━━━ Data for this exercise ━━━

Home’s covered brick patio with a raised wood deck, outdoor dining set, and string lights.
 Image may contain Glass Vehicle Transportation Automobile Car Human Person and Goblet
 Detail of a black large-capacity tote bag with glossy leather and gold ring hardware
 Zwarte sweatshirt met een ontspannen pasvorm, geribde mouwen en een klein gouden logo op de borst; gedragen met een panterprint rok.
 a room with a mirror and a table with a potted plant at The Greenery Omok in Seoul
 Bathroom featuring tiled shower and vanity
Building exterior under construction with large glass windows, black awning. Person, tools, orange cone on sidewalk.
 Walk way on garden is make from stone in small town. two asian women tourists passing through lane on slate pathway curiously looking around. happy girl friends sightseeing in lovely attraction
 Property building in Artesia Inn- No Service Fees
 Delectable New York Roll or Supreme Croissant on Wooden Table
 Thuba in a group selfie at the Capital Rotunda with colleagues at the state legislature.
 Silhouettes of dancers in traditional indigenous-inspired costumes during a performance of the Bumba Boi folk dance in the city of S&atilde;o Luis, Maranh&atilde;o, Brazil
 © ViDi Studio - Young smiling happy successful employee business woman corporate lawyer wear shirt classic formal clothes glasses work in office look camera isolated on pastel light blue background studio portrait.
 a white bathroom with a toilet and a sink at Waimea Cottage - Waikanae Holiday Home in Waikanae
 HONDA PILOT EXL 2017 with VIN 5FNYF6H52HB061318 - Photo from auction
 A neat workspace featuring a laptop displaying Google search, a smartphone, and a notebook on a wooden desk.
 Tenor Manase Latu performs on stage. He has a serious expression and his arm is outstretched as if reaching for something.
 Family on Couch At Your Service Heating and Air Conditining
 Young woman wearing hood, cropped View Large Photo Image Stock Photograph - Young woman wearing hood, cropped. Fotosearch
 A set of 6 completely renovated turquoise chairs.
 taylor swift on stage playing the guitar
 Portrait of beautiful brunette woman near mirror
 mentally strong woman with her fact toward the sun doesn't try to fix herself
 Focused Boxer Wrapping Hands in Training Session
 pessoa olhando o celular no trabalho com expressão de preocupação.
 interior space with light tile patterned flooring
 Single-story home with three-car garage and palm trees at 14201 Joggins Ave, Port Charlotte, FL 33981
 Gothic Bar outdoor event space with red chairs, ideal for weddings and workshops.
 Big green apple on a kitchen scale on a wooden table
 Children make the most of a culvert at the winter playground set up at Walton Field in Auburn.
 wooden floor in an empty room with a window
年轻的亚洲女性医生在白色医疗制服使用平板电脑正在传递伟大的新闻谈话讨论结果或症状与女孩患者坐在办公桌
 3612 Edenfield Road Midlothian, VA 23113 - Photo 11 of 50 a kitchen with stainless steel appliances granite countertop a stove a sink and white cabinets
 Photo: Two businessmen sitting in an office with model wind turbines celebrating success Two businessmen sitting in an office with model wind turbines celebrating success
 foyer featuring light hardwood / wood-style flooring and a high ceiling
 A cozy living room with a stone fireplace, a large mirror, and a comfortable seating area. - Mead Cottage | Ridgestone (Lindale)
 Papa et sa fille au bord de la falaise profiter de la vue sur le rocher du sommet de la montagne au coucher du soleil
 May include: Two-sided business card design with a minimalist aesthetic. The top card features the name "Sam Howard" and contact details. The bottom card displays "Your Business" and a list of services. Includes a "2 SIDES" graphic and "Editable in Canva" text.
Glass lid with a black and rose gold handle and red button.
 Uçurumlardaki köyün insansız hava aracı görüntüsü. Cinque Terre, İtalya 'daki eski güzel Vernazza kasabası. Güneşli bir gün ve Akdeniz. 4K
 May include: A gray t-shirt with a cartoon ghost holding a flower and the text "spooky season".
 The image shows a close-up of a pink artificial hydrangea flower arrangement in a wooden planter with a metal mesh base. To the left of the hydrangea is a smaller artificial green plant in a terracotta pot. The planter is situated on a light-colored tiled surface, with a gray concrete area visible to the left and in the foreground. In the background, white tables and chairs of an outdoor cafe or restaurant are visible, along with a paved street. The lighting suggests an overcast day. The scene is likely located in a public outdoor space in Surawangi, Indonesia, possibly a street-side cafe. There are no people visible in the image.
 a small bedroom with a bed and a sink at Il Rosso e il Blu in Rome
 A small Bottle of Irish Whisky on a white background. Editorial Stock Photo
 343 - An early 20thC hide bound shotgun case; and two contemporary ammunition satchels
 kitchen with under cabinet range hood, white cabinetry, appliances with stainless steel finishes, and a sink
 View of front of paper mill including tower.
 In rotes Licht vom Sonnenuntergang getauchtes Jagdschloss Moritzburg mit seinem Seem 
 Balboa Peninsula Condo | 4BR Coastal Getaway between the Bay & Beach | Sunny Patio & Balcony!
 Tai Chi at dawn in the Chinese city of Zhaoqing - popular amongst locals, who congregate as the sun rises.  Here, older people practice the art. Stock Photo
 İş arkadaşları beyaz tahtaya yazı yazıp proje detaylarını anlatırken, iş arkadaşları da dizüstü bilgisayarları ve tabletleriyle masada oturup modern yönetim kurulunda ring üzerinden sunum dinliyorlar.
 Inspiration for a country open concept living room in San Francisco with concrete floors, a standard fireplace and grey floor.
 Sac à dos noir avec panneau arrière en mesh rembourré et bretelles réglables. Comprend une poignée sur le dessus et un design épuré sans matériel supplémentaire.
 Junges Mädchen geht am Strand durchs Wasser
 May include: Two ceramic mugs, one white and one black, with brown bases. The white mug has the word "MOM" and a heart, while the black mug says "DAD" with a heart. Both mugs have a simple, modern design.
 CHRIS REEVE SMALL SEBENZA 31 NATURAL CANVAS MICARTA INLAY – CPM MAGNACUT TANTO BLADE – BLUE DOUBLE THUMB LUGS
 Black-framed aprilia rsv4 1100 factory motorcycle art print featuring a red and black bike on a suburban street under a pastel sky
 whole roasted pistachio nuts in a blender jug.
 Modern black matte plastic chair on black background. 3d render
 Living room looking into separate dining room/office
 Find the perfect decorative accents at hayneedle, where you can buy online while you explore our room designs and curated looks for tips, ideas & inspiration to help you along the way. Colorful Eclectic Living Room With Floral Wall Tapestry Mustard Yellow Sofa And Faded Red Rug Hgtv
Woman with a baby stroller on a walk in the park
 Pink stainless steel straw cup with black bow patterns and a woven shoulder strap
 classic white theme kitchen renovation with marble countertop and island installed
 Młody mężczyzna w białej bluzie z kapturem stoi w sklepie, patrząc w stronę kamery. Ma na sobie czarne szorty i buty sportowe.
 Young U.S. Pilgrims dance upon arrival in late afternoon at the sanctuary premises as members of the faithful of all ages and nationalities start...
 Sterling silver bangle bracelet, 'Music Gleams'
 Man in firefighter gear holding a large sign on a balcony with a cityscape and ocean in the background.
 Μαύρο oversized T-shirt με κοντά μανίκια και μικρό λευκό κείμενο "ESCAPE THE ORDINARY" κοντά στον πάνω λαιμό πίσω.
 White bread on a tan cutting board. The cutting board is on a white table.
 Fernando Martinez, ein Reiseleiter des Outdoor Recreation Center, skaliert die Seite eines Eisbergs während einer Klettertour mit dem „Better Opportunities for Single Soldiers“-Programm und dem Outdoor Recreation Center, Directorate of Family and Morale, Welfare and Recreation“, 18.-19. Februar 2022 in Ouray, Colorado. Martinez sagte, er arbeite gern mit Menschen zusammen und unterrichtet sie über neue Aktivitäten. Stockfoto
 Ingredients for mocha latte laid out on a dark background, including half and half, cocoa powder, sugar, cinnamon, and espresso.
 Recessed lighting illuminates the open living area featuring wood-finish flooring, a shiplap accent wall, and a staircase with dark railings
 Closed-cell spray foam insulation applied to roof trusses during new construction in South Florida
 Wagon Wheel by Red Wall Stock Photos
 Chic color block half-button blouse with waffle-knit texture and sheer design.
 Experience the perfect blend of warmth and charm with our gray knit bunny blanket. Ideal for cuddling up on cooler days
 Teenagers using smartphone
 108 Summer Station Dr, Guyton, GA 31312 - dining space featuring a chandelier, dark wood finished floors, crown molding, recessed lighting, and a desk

━━━

What the exercise asks »
The entries above hold a line with "A set of 6 completely" and a later line with "interior space with". Write out exactly those lines and all lines between, nothing more.

Result below »
 A set of 6 completely renovated turquoise chairs.
 taylor swift on stage playing the guitar
 Portrait of beautiful brunette woman near mirror
 mentally strong woman with her fact toward the sun doesn't try to fix herself
 Focused Boxer Wrapping Hands in Training Session
 pessoa olhando o celular no trabalho com expressão de preocupação.
 interior space with light tile patterned flooring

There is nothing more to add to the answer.